WORK INSTRUCTION: Copy everything in the listing below word for word, apart from any images.

SUPPLIED INFORMATION:
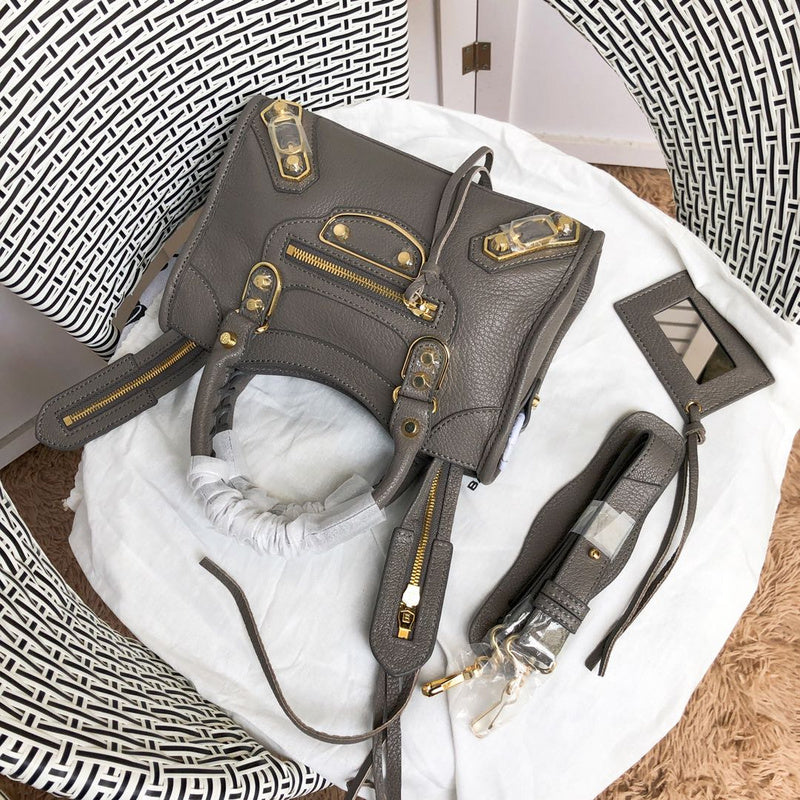 Handle and strap detail of polished structured women's handbag – women's designer-style accessory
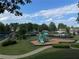 Community playground with slides, swings, and a climbing structure surrounded by green space at 790 Village Field Ct, Suwanee, GA 30024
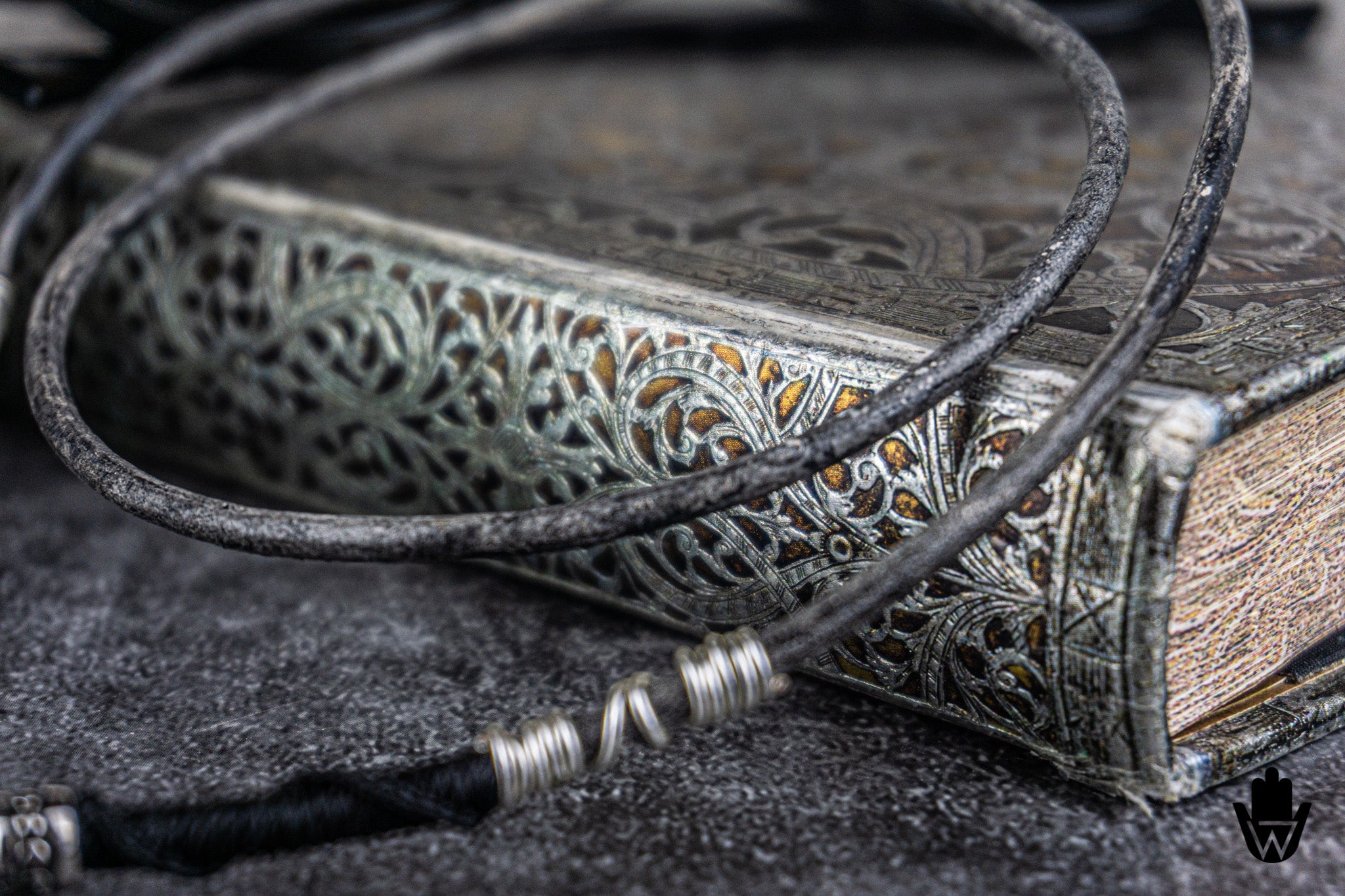 A close-up of a black cord necklace or bracelet with silver-toned wire-wrapped beads, draped over an ornate antique-style book on a dark textured surface.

ANSWER FOR THE TASK:
 Handle and strap detail of polished structured women's handbag – women's designer-style accessory
 Community playground with slides, swings, and a climbing structure surrounded by green space at 790 Village Field Ct, Suwanee, GA 30024
 A close-up of a black cord necklace or bracelet with silver-toned wire-wrapped beads, draped over an ornate antique-style book on a dark textured surface.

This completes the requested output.